INTERVIEW : RAGING FYAH

Propos recueillis par : Sébastien Jobart
Photos : Sébastien Jobart & DR
le lundi 23 juillet 2012 - 10 839 vues
Raging Fyah est une promesse, celle d'un retour à un reggae musical, écrit composé et joué collectivement. Raging Fyah, c'est la formation emblématique de cette nouvelle génération qui grandit en Jamaïque.
D'abord constitué autour de trois membres, Raging Fyah accompagne les artistes sur scène ou en studio. Rapidement, le groupe trouve son équilibre et intègre les membres qui le composent aujourd'hui : Delroy "Pele" Hamilton (basse), Demar Gayle (claviers), Anthony Watson (batterie), Courtland "Guizmo" White (guitare), Mahlon Moving (ingénieur), Kumar Bent (chant).
Bien décidés à provoquer l'avenir, les membres de Raging Fyah s'impliquent dans tous les secteurs.
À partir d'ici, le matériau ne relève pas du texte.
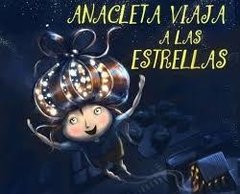 Anacleta viaja a las estrellas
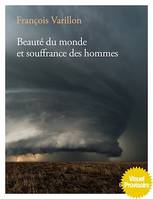 Beauté du monde et souffrance des hommes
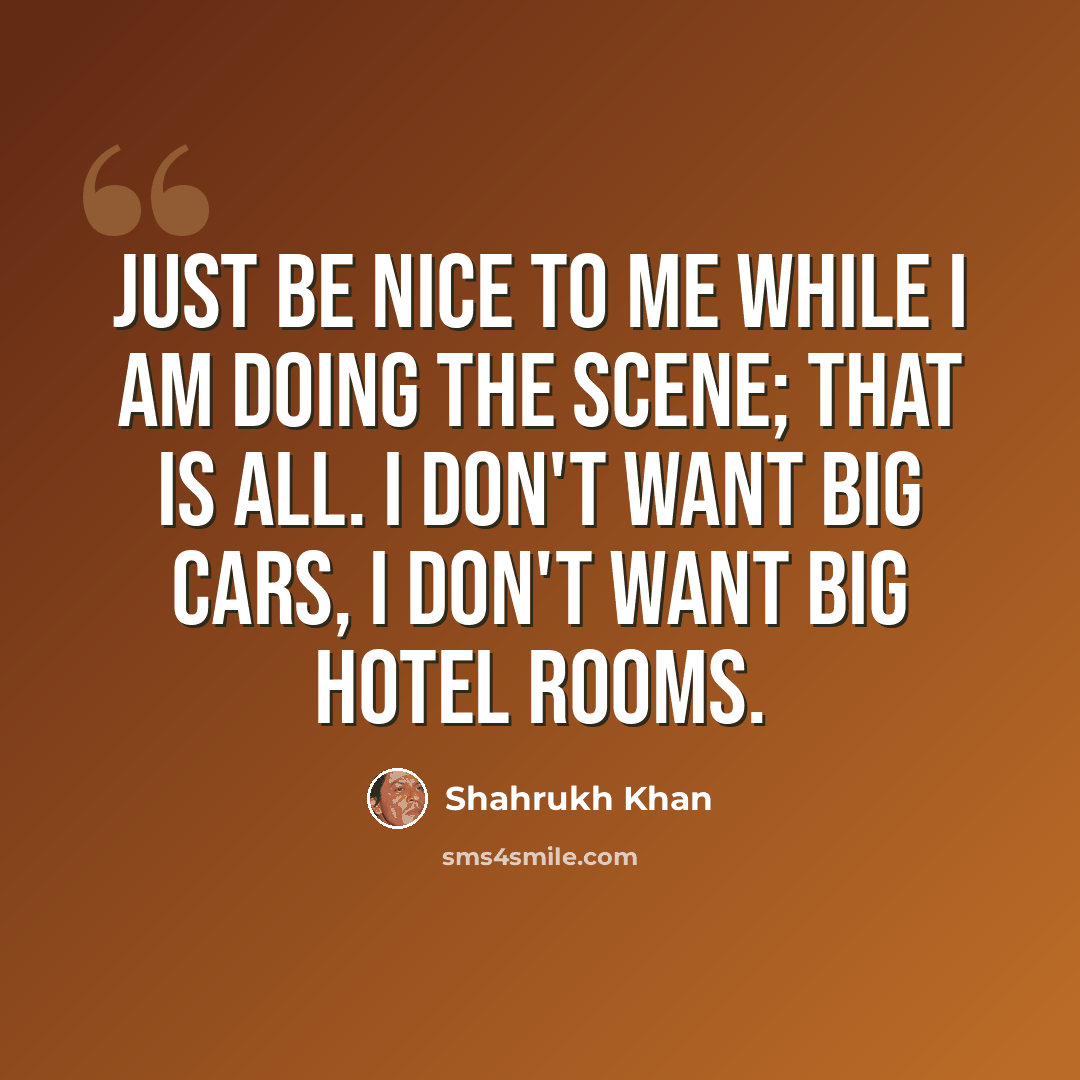 “Just be nice to me while I am doing the scene; that is all. I don't want big cars, I don't want big hotel rooms.” quote by Shahrukh Khan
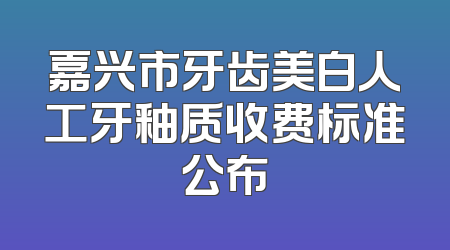 嘉兴市牙齿美白人工牙釉质收费标准公布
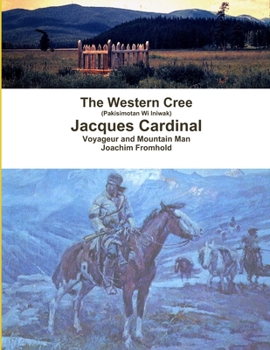 Paperback The Western Cree (Pakisimotan Wi Iniwak) - Jacques Cardinal: Voyageur and Mountain Man Book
Le groupe est à la tête de son propre label, Raging Fyah Productions, ce qui leur a permis de produire intégralement leur premier album, l'époustouflant "Judgement Day", sorti en août 2011. Le groupe a aussi sorti sa première série, le H20 riddim, une de leur composition popularisée par le Black Woman de Richie Spice, et sur lequel on retrouve désormais Perfect, Lutan Fyah, Alaine… Enfin, ils organisent leurs propres concerts, les soirées Wickie Wackie à Bull Bay.
Nous publions notre interview réalisée en Jamaïque il y a plusieurs semaines, alors que la formation se dévoile actuellement sur scène au public européen.
Reggaefrance / Quand est né Raging Fyah ? / Pele : Le groupe a été formé en 2006 par Demar Gayle (claviers), Anthony Watson (batteur) et moi-même (bassiste, ndr). Nous étions élèves au Edna Manley College, et nous étions amis auparavant. En formation trio, nous avons accompagné beaucoup d'artistes différents, dancehall ou roots, en studio ou sur scène. Mais avec les années, il y a eu une période de transition, car nous avions une ambition en tant que groupe. Courtland White (guitariste, ndr) nous a rejoint, puis Mahlon Moving (ingé son), et enfin Kumar Bent (chant).
Vous êtes diplômés du Edna Manley College qui compte de grands professeurs : Ibo Cooper (Third World), Derrick Stewart (batteur de studio), Michael Fletcher (bassiste de Shaggy)... En quoi vous ont-ils influencé dans votre musique ? Kumar : Ils représentent l'Histoire, et tout ce dont nous avons besoin, en tant que jeunes. Quand tout le monde est en tournée, il doit y avoir quelqu'un pour enseigner aux jeunes les ficelles du métier. La musique est une chose, mais nous devons aussi apprendre le marketing, et les manières de rendre cette activité profitable pour nous. Nous leur devons beaucoup. Ils se sont sacrifiés pour nous.
Qui considérez-vous comme vos influences ? Anthony : Les expériences de la vie, les icônes qui nous ont précédés et nous ont inspirés... Nous trouvons aussi l'inspiration auprès du Très-Haut, auprès de nos familles et de nos amis.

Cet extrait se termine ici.